Come è oramai ben noto a tutti, per primo a chi acquista un pacchetto di sigarette, fumare nuoce gravemente alla salute. La lista delle malattie e deipiccoli e grandi problemi causati dal fumo è praticamente infinita: insufficienza cardiovascolare, problemi respiratori, infezioni polmonari e tosse cronica, , infiammazione delle gengive, infiammazioni e congiuntiviti agli occhi, fino ad arrivare ai casi più gravi di cancro della bocca, della gola, dei polmoni e della pelle e conseguente morte.

Se ciò non bastasse, il fumo anche in quantità ridotte è nemico della bellezza: ingiallimento dei denti, alitosi, ingiallimento e ispessimento della pelle, invecchiamento precoce, comparsa precoce delle rughe. Senza considerare l’odore estremamente sgradevole che il fumatore si porta addosso, capelli e vestiti compresi, e che non va via neppure con docce e mentine.

Infine, se una donna fuma in gravidanza può compromettere seriamente la salute e lo sviluppo del feto.

Per fortuna, in tutti i paesi civili – Italia compresa- da diversi anni è ormai vietato fumare nei luoghi pubblici che essi siano ristoranti, bar o discoteche e nei luoghi di lavoro.

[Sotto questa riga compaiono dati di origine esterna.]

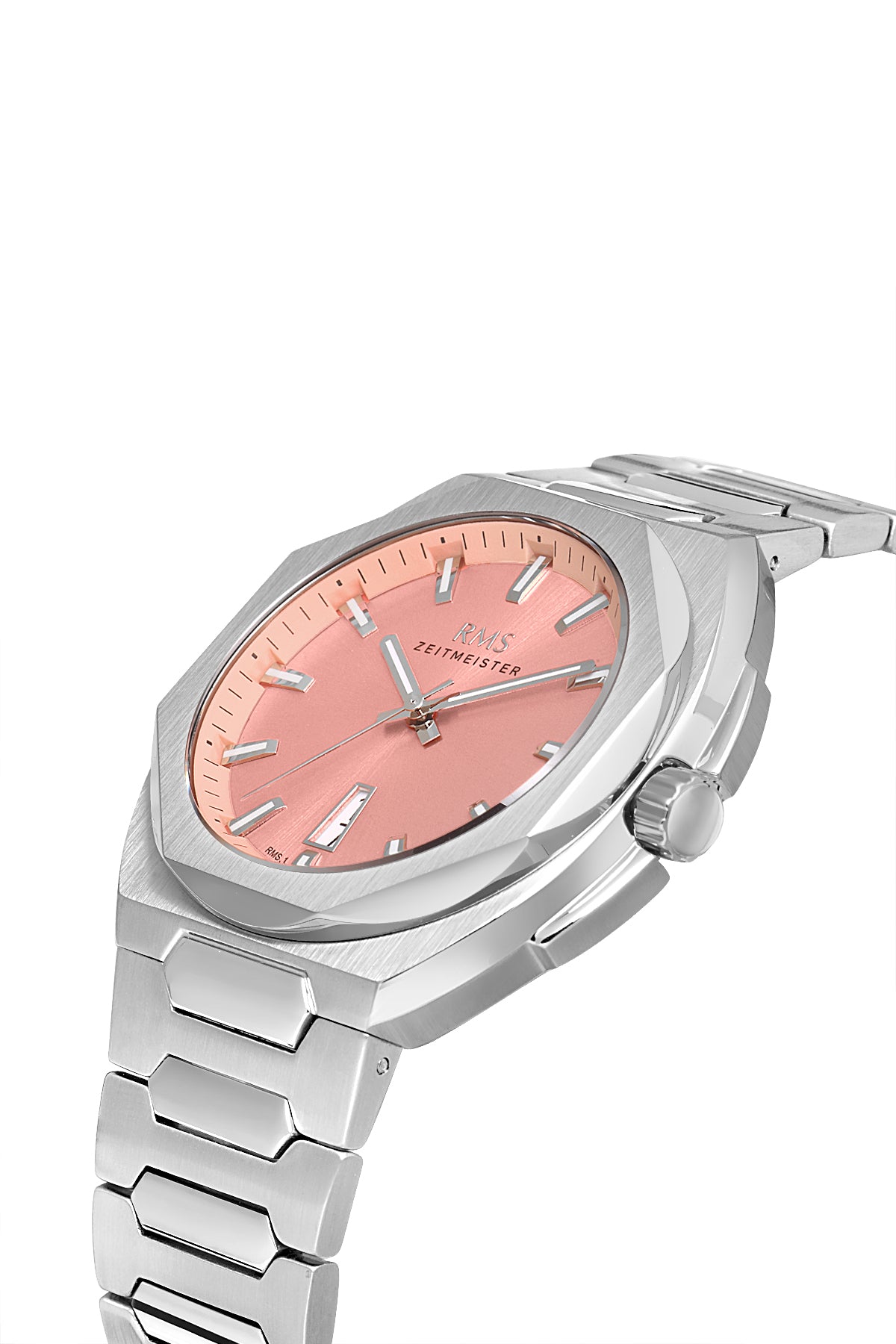 RMS Zeitmeister RMS.1.AG1619.07 men's watch with salmon dial, silver case and stainless steel bracelet – view 3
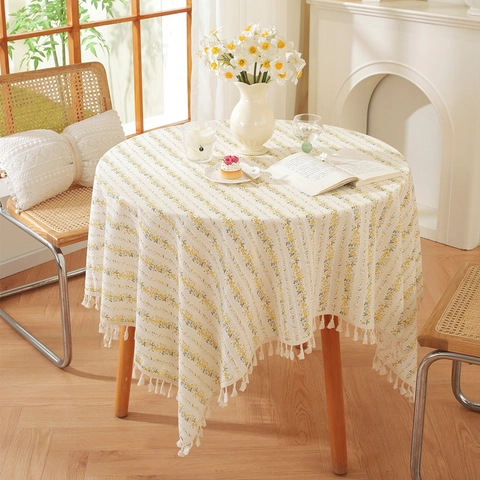 Pastoral Cotton Floral Tablecloth With Tassels Rectangular Fresh Sunflower Print Dustproof Table Cover For Home Dining Kitchen Decor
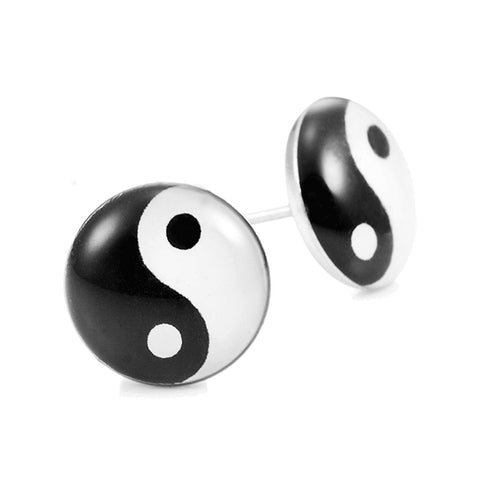 Chic Unisex Yin and Yang Stainless Steel Silver Stud Earrings, Color Black and White
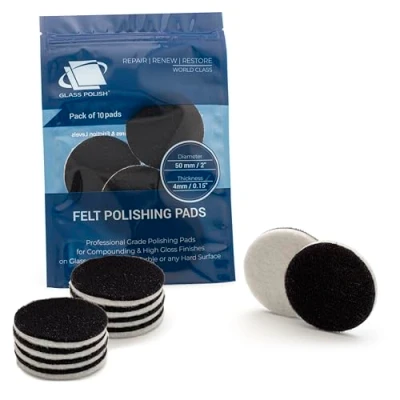Image of Glass Polish 2 inch (50mm) Pack of 10 Felt Polishing Pads for Glass, Plastic, Metal and Marble GP11006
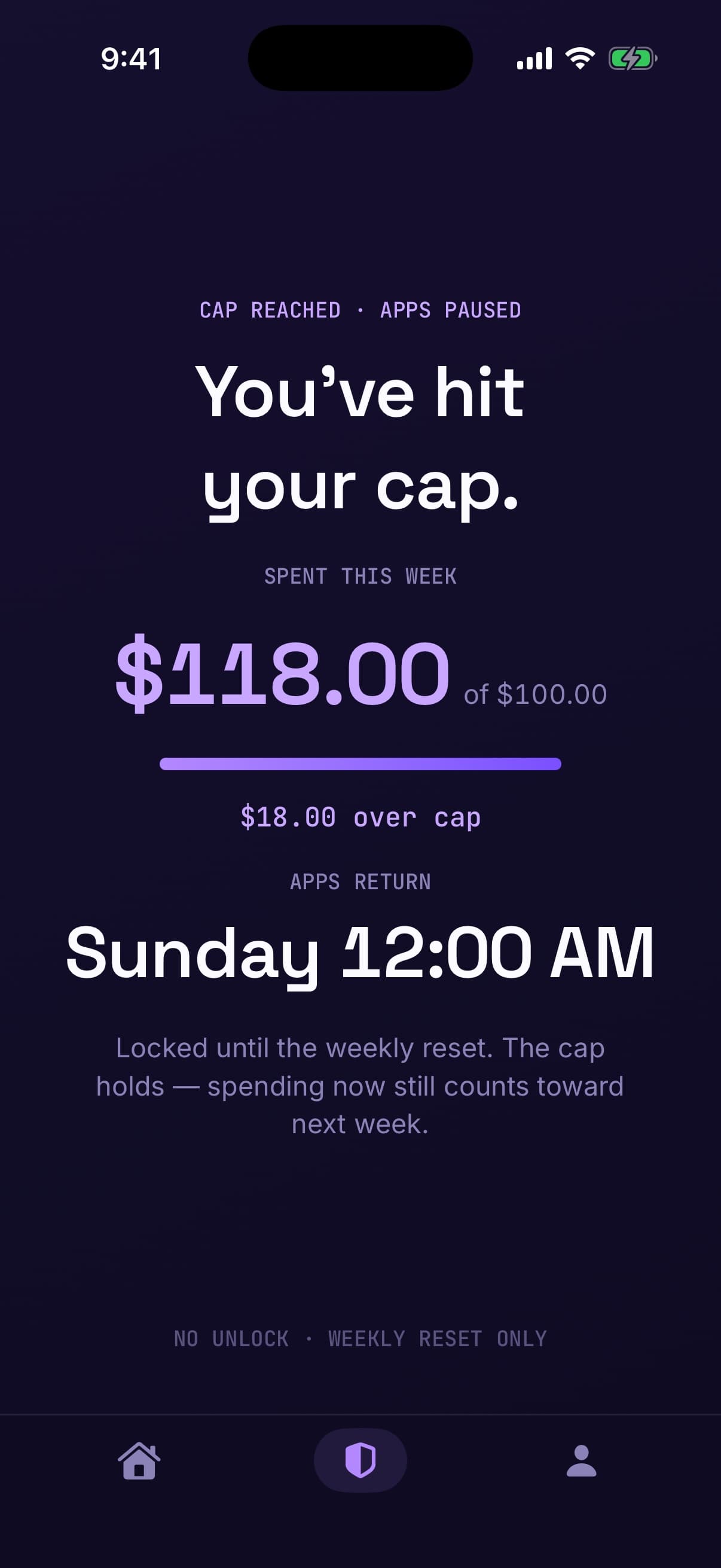 The Slash lock screen: “You've hit your cap.” $118.00 of $100.00 spent, apps return Sunday 12:00 AM.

Tuttavia, non potendo limitare la libertà individuale del singolo, le persone possono liberamente fumare all’interno delle mura domestiche, anche in presenza di bambini piccoli e figli adolescenti. come dovrebbe esservi già noto, il “fumo passivo” cioè quello che i fumatori fanno fumare contro la loro volontà a chi sta loro attorno comporta gli stessi rischi, se non più gravi, mettendo a repentaglio la salute di chi sta loro intorno, dei propri figli in particolare.

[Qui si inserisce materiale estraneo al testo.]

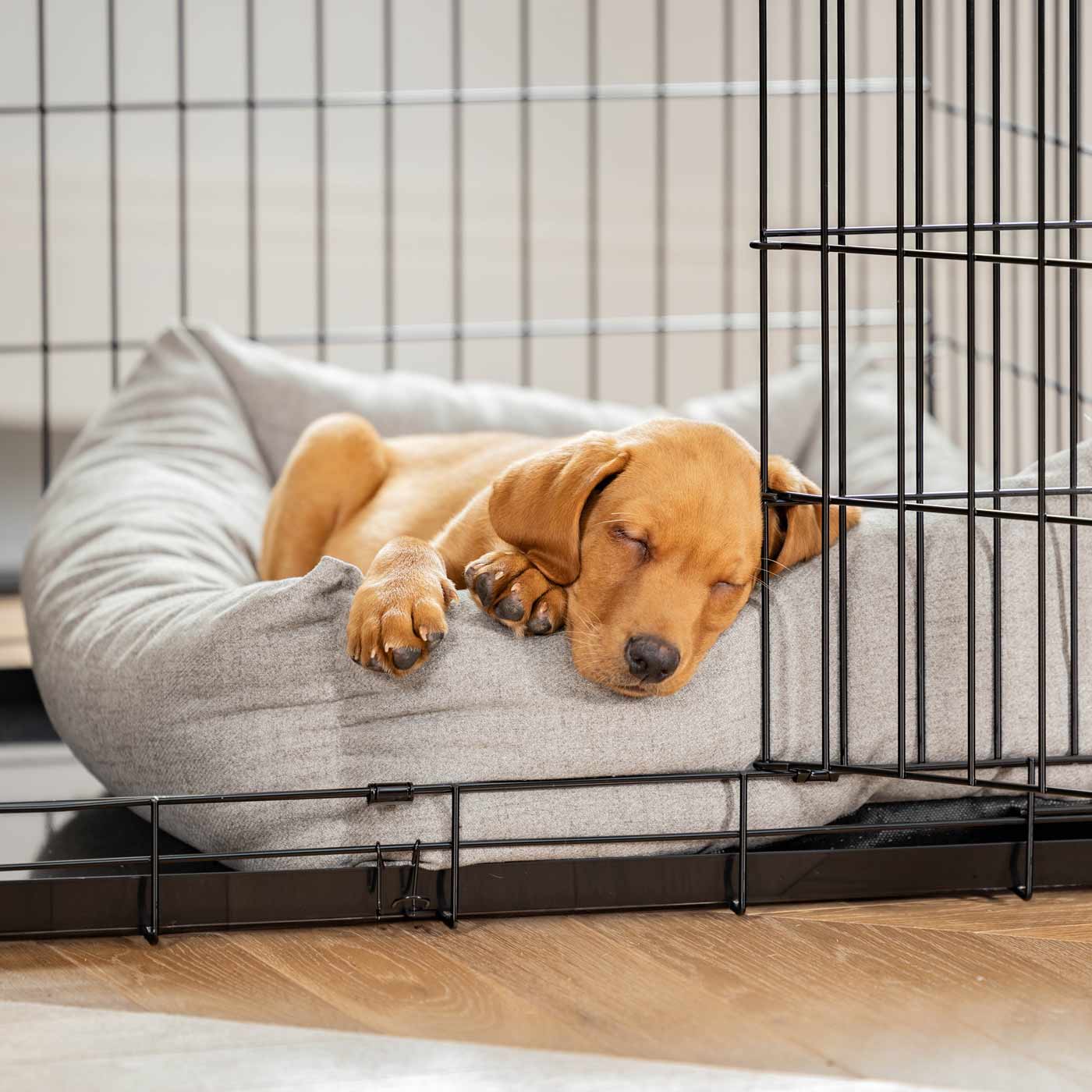 Inchmurrin Cosy & Calm Puppy Box Bed, The Perfect Dog Crate Bed For Pets! To Build The Ultimate Dog Den! In Dark Grey Inchmurrin Ground! Available To Personalise Now at Lords & Labradors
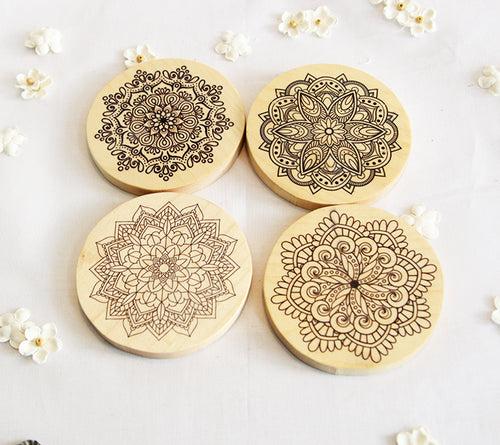 Maple wooden Mandala Coasters set of 4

Ricordo le lotte all’ultima sigaretta che combattevo, bambina e poi adolescente, con mio padre che fumava come una ciminiera mettendo a repentaglio la propria salute e la nostra. E’ molto difficile convincere un fumatore a smettere di fumare. Prima di tutto perchè il fumo è come una droga che provoca assuefazione epertanto nonostante come molti altre dipendenze dia l’illusione di poter smettere quando si vuole, nei fatti non è così. Un fumatore ha bisogno di un aiuto professionale sia da un centro specializzato che da personale medico, quale psicologi o psicoterapeuti, in quanto il vizio e la dipendenza da fumo nasconde spesso problemi psicologici irrisolti, irritazione da stress, fragilità e nervosismo che si cercano di combattere in questa maniera sbagliata.

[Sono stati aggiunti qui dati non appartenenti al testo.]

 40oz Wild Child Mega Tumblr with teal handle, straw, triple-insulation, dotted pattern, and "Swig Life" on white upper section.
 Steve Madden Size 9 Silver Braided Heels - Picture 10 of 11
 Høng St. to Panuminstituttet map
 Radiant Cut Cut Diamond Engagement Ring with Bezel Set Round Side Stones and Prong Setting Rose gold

La presa psicologica di un figlio su un genitore può essere molto grande e il genitore può rinunciare al vizio se il figlio, non soltanto gli spiega i pericoli che il fumo comporta per la propria salute, ma anche e soprattutto per quella di chi gli sta intorno. Inoltre, un figlio vede un modello nel genitore e dovrebbe ricordare al genitore in difetto che il suo cattivo esempio potrebbe indurlo in tentazione e farlo cadere nella stessa spirale infernale. Non esitate, inoltre, ad accompagnare il vostro genitore in un centro specializzato e di stargli accanto come lui ha fatto con voi nella sua lotta per smettere di fumare, anche per amore vostro.